Drs P. schreef op 30 november 2017 22:42:
Tot zover de laatste formele communicatie van Altice naar de markt, dit kan niet zomaar veranderd worden:
Altice NV: Altice Responds to Recent Market Speculation and Misinformation
November 19, 2017 18:31 ET | Source: Altice N.V.
Altice Responds to Recent Market Speculation and Misinformation
November 20, 2017 - Altice N.V. (Euronext: ATC, ATCB) today responds to recent market speculation and misinformation.
Altice is not in preparation of a cash raising by means of an equity- or equity-linked issuance and has no intention to pursue such action
Altice confirms that it is not in preparation of a cash raising by means of an equity- or equity-linked issuance and has no intention to pursue such action within the group including Altice USA.
Altice confirms it had 1,205.3 million shares outstanding excluding any treasury shares as of the end of Q3 2017.
Next Alt S.à.r.l. ("Next") does not have any margin loan exposure to Altice and has not sold any material number of shares since the IPO
Altice confirms that its majority shareholder Next does not hold any margin loan exposure related to Altice.
Altice further confirms that Next has not sold any shares since the Altice IPO except approximately 0.3 million shares sold to group managers as disclosed in 2016.
Information service provider Bloomberg L.P. issued on November 12, 2017 an information update, correcting its total free float shares count for Altice by an additional approximately 81 million.

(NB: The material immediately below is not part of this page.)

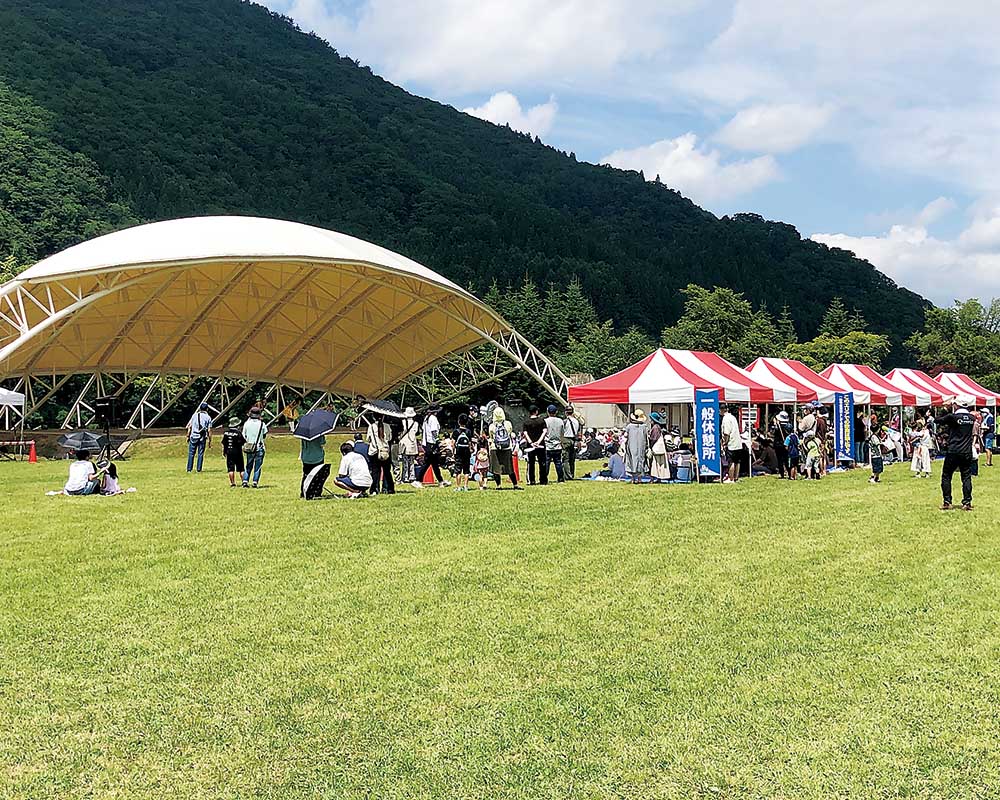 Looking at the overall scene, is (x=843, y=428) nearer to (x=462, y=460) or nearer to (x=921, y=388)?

The impression in the market that 81 million shares were sold by Next related to the correction by Bloomberg L.P. is factually incorrect.
Management has not taken any active decision to sell Altice shares
The sale of shares attributed to Altice's Chief Financial Officer in September 2017 was executed by a financial institution on maturity of a funded collar originally entered into in March 2015.
Altice's General Secretary reported the sale of shares between September and November 2017. The sale of these shares occurred due to unforeseen life circumstances.
Altice plans to de-lever its balance sheet and does not have margin loan exposure within the group
Clear de-leveraging plan
Altice confirms its plans to de-lever its balance sheet and bring leverage in line with or below its stated targets over time. Altice reiterates that it will not pursue any new meaningful M&A opportunities.
In addition to the operational turnaround in France, the disposal of non-core assets within Altice Europe is central to Altice's de-leveraging plan. Certain non-core assets have already been identified including Altice's tower portfolio. Altice has initiated processes to effect disposals as early as the first half of 2018 and will update investors in due course on its progress.
Absence of any corporate margin loans
Altice confirms that the Altice Corporate Financing facility with relationship banks at group level is guaranteed by Altice and does not have maintenance covenants or share price triggers.
Altice confirms that it has no margin loan exposure with respect to its ownership in Altice USA.
Altice has a robust, diversified and long-term capital structure with a strong liquidity position and no recourse or cross-default clauses between debt silos
Group weighted average debt maturity of 6.3 years:
No major maturities at Altice France (SFR) until 2022;
No major maturities at Altice International until 2023;
No maturities at Altice Luxembourg until 2022;
No maturities at Suddenlink until 2020;
Near-term maturities at Optimum covered by $2.3 billion revolving facility, cash on balance sheet and cash flow generation.
Altice further confirms that liquidity of the group is strong with approximately €1.66 billion of cash on balance sheet (including €0.4 billion at corporate level) as of the end of Q3 2017 and approximately €3.5 billion of undrawn and available revolving facilities with an average maturity of 3.9 years.
Regulated Information
This press release contains inside information within the meaning of Article 7(1) of the EU Market Abuse Regulation.